● **Problem requirements**:
An exact copy of the lines of the listing below between the "Image of wingleaf soapberry" line and the "Marvin Gonzalez tweet media" line, both included, is the whole answer; please omit the pictures.

^^^^^^^^

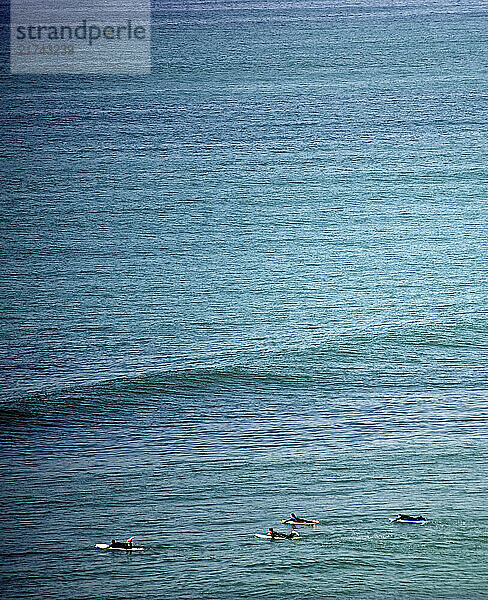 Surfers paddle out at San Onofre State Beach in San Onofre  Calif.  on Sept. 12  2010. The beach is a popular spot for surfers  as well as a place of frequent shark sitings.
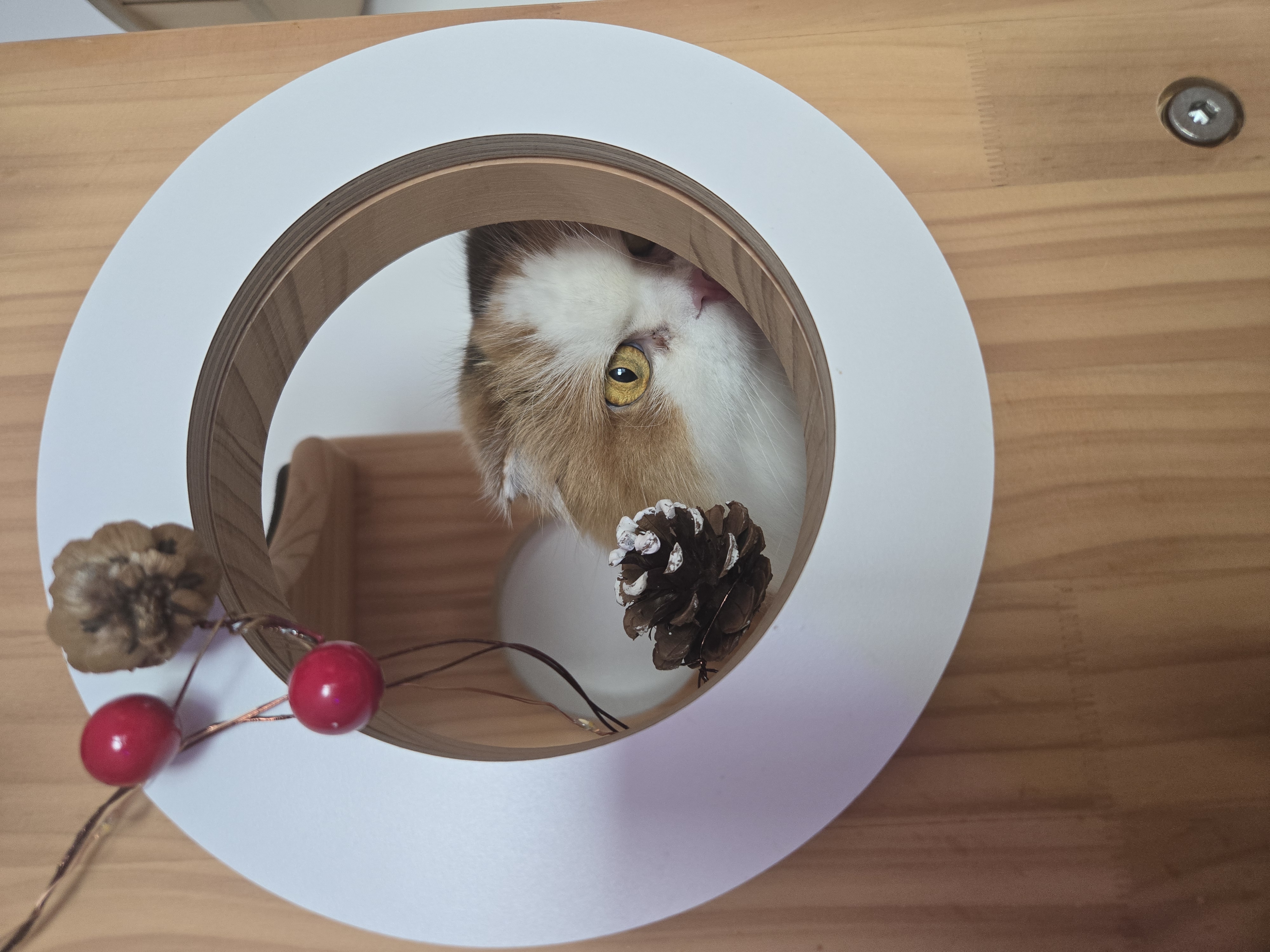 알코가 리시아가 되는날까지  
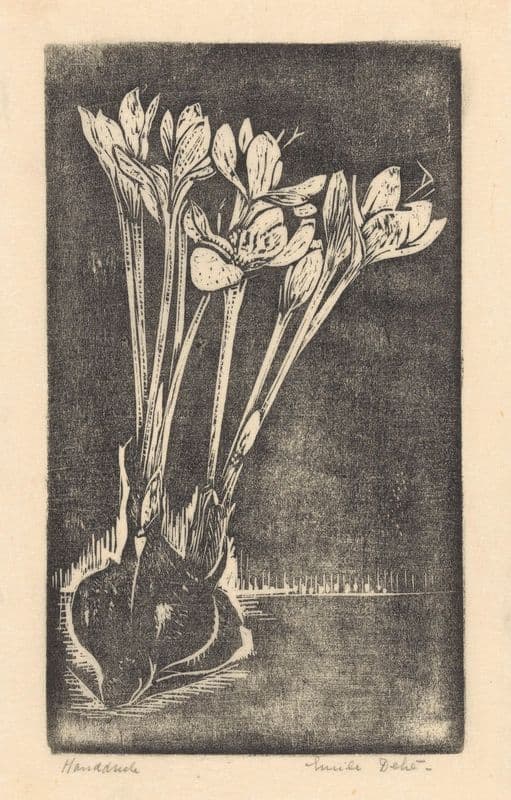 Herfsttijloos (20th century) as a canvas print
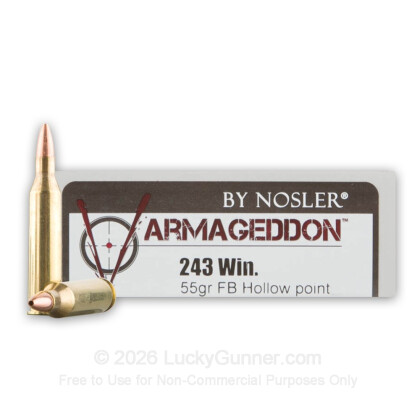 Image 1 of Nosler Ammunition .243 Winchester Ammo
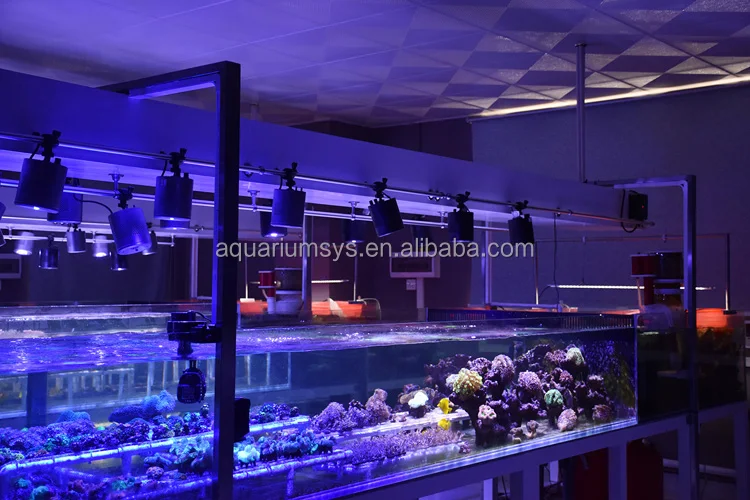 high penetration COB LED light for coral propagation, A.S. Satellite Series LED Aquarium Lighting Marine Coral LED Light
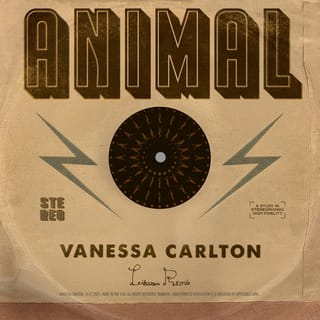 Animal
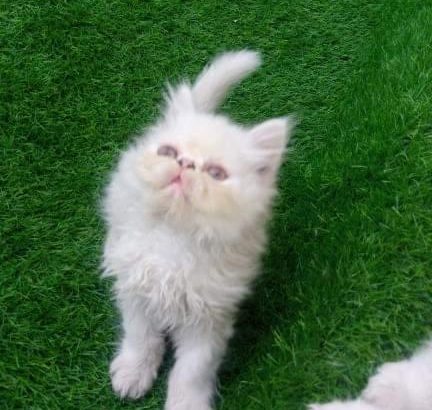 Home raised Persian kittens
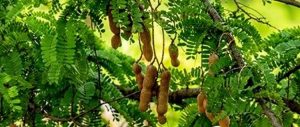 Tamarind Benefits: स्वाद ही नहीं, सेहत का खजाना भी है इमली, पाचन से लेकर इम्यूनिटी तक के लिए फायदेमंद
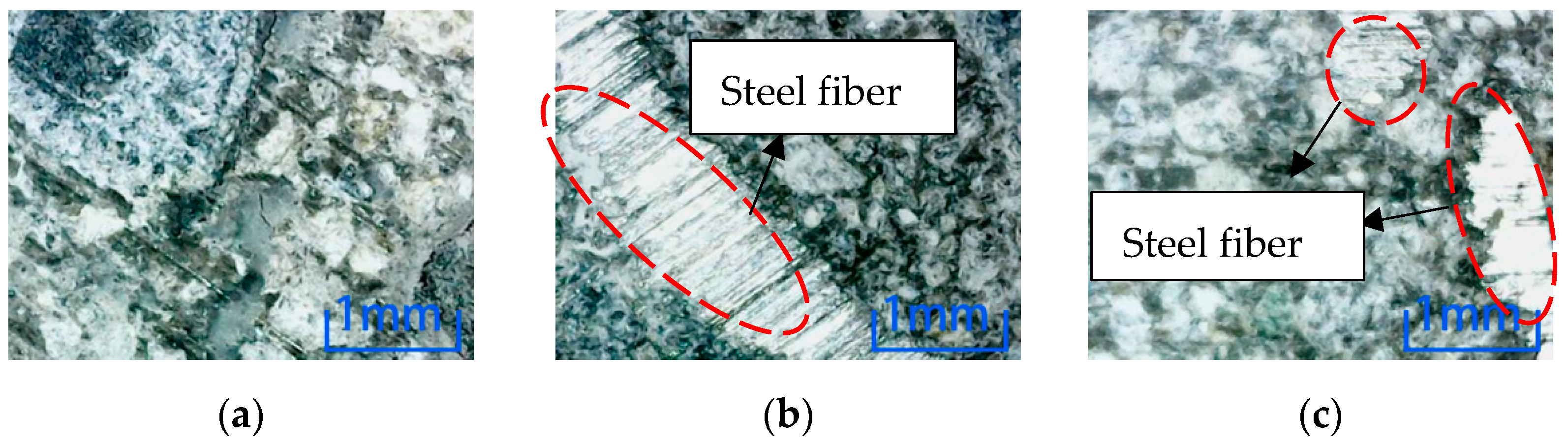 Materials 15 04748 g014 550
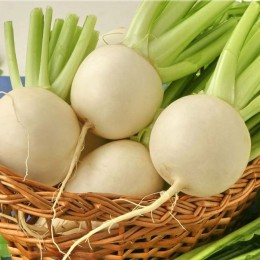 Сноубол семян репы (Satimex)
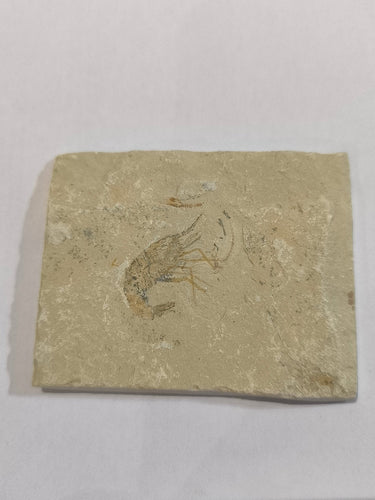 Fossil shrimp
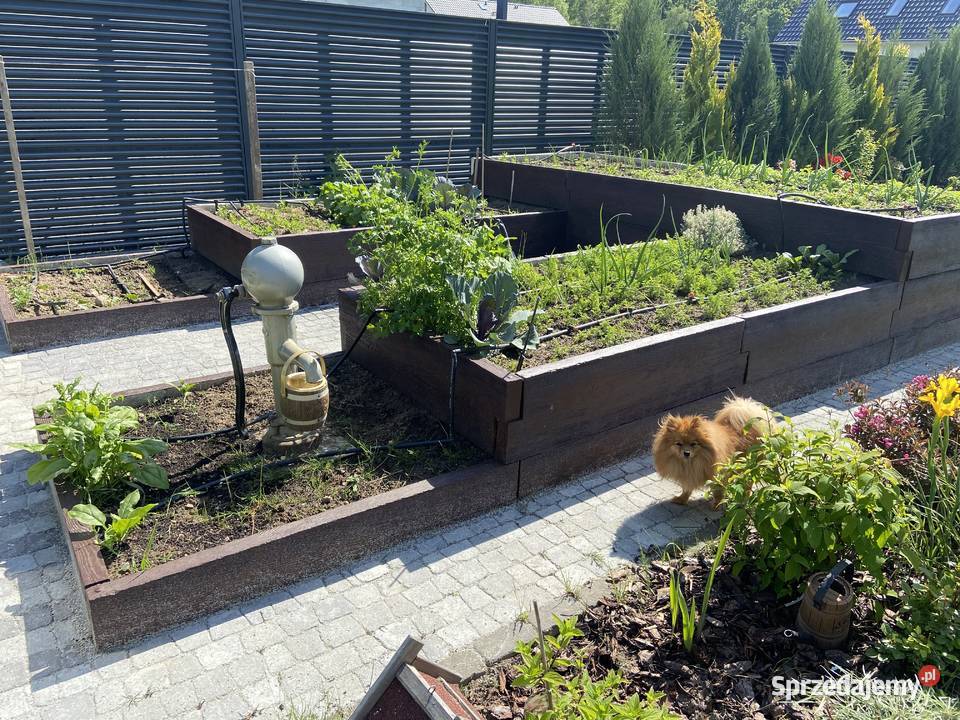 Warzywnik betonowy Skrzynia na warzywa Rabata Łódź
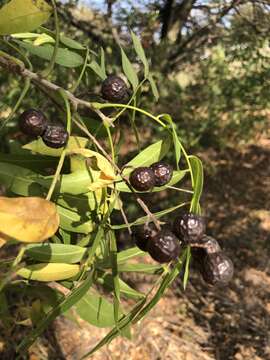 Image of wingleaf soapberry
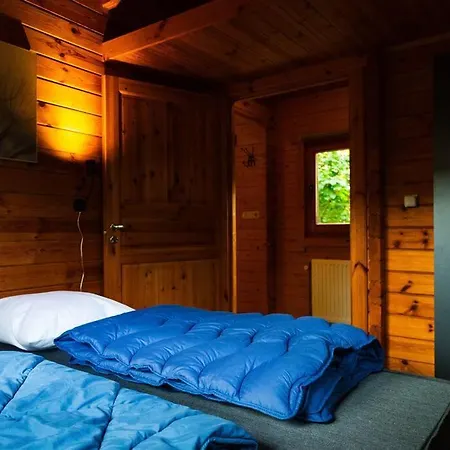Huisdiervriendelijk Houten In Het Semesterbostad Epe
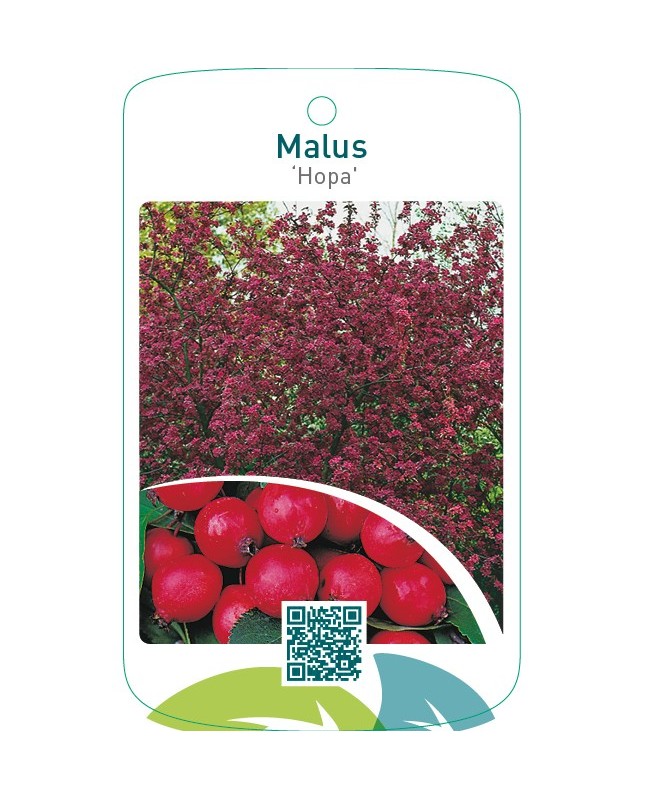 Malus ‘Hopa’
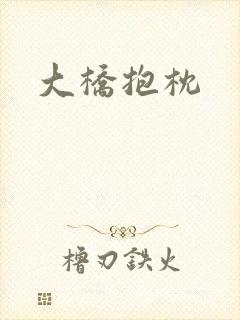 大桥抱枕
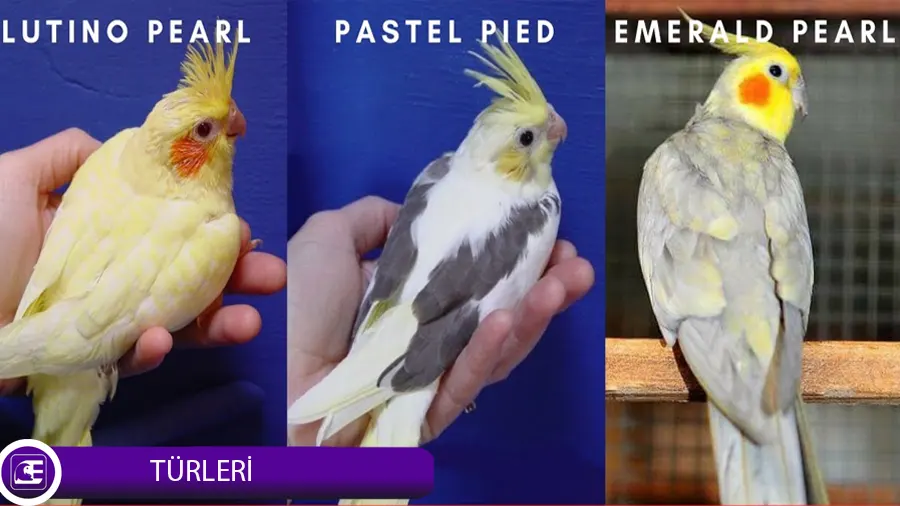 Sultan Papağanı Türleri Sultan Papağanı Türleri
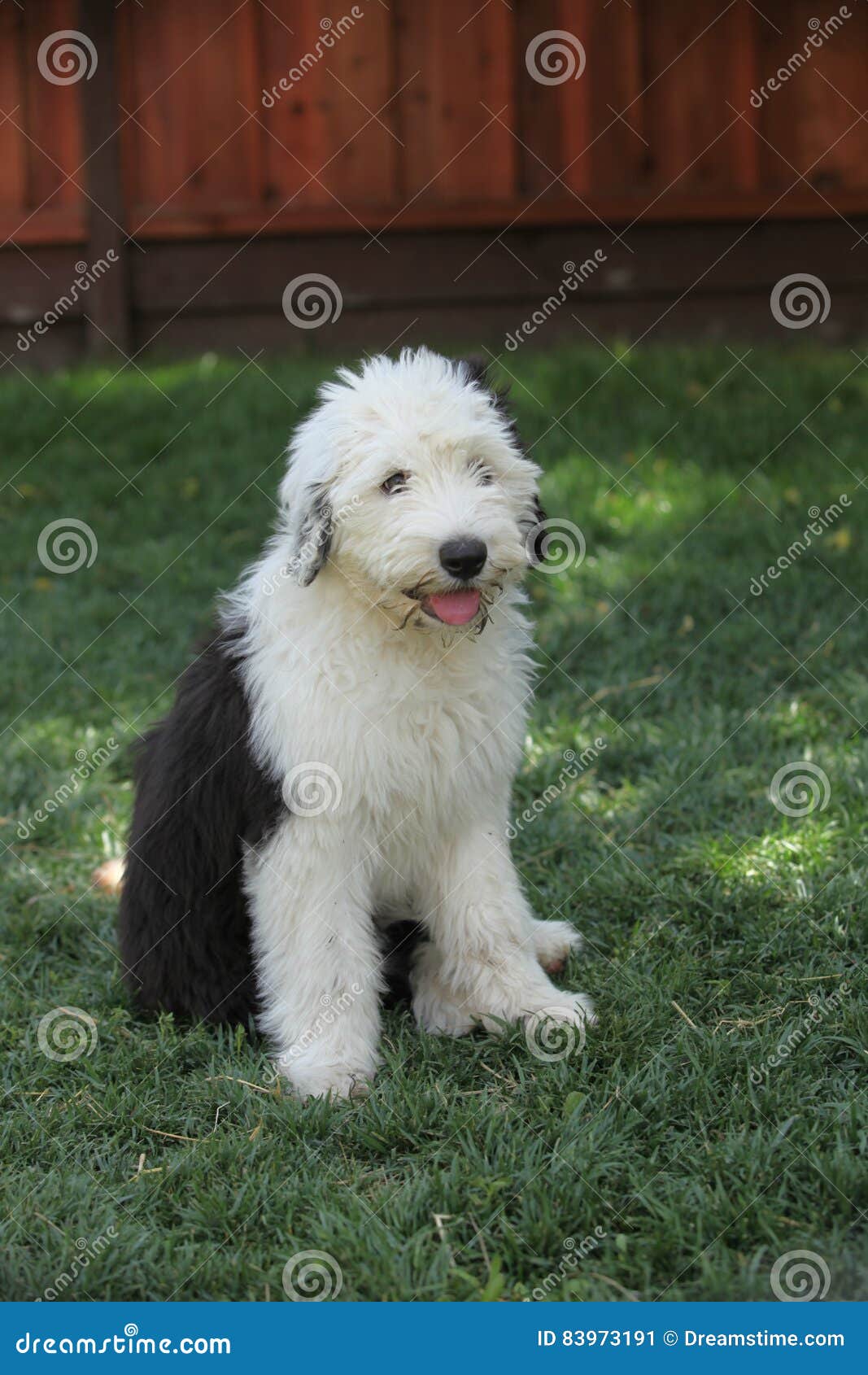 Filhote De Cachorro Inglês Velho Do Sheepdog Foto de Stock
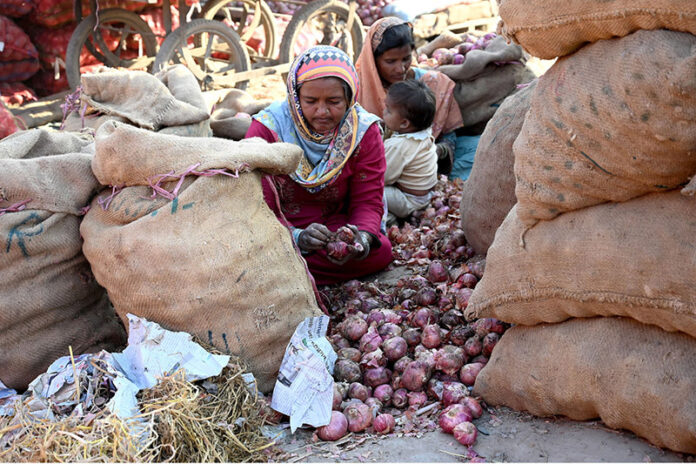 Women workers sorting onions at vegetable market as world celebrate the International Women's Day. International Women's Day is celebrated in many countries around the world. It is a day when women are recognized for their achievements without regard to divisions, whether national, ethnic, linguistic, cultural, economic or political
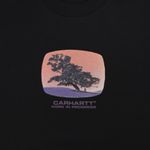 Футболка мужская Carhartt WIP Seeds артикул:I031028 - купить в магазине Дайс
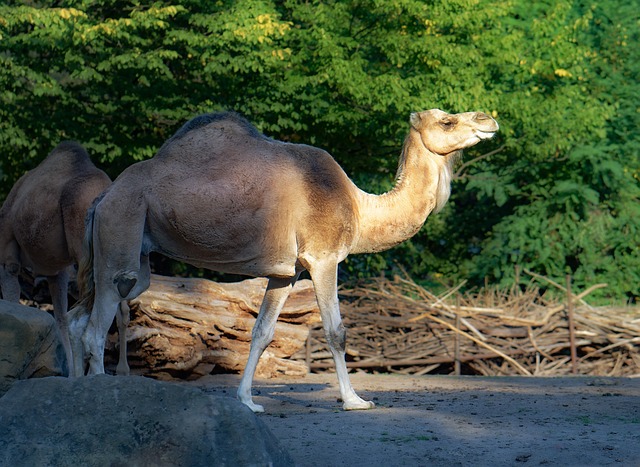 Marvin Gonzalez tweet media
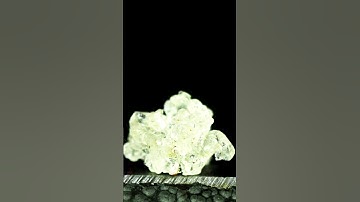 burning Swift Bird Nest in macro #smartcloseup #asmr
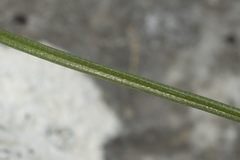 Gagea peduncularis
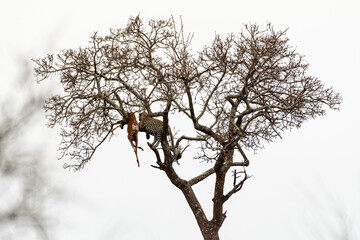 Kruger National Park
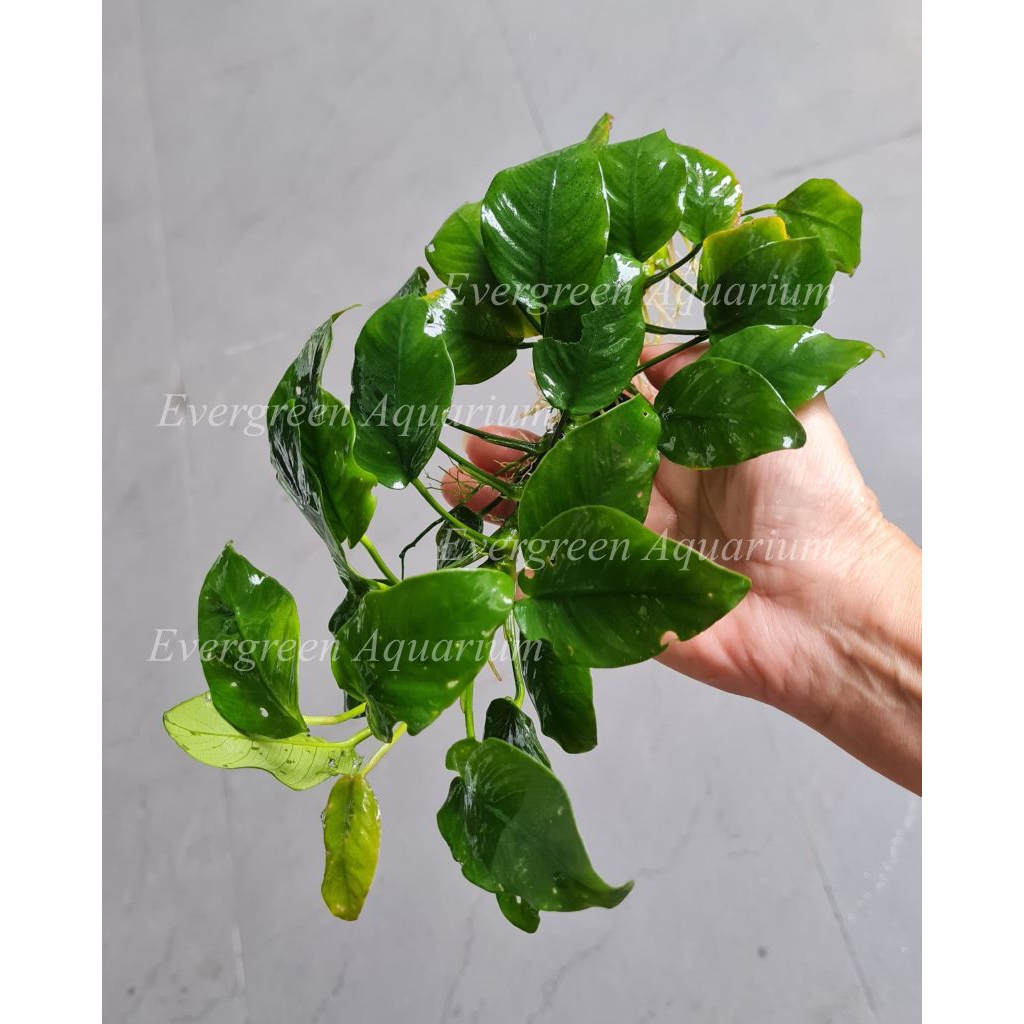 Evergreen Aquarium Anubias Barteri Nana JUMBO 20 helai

^^^^^^^^

● **Result**:
 Image of wingleaf soapberry
Huisdiervriendelijk Houten In Het Semesterbostad Epe
 Malus ‘Hopa’
 大桥抱枕
 Sultan Papağanı Türleri Sultan Papağanı Türleri
 Filhote De Cachorro Inglês Velho Do Sheepdog Foto de Stock
 Women workers sorting onions at vegetable market as world celebrate the International Women's Day. International Women's Day is celebrated in many countries around the world. It is a day when women are recognized for their achievements without regard to divisions, whether national, ethnic, linguistic, cultural, economic or political
 Футболка мужская Carhartt WIP Seeds артикул:I031028 - купить в магазине Дайс
 Marvin Gonzalez tweet media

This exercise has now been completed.